It’s stupidly early in the season to be playing Test cricket. Heck, the domestic season has only just kicked off, and even the Haddocks have only had one game in the Cardiff Midweek League – played 1, won 1.
There have been seasons where England have played seven Tests before, but the unrelenting rise on one-day cricket means that we have some really stupid international fixture scheduling.
After this week and next, there’s a seven week gap to the big game – the first test against Australia in Cardiff on Wednesday 8 July; June is given over to the 20/20 World Cup. The final one-day game with Australia is on 20 September.
Whatever happened to Tests always starting on a Thursday? And there always being a week off between games. All that’s gone out of the window, and as a result people get out of the routine of following cricket.
A bunch of players in the England and West Indies teams have just this week returned from the Indian Premier League in South Africa, hardly the best preparation for a Test series. OK, I know I’m starting to sound like Sir Geoff boycott on this, but he’s right.

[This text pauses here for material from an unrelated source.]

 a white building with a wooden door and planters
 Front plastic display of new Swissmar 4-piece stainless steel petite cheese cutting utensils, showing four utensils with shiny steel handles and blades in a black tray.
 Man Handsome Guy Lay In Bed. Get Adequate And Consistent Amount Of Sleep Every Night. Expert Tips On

It’s the same with domestic cricket. It used to be Sunday league, 4 day games around those (Thurs, Fri, Sat & Mon), and Benson & Hedges/Gillette knockout cups in midweek. For the past month there have been games going on in a multitude of competitions at the same time. But now the next round of county championship games is over a month away. Players don’t know if its whites or pyjamas, and fans can’t be bothered; witness the half empty stands on days 1 and 2 of the first Test.
I should say that the new coach has done a good job in shaking up the England team and getting some new blood in. Swann, Onions (am I the only one who thinks he bowls like Alan Denning?) and Bopara have all done well so far.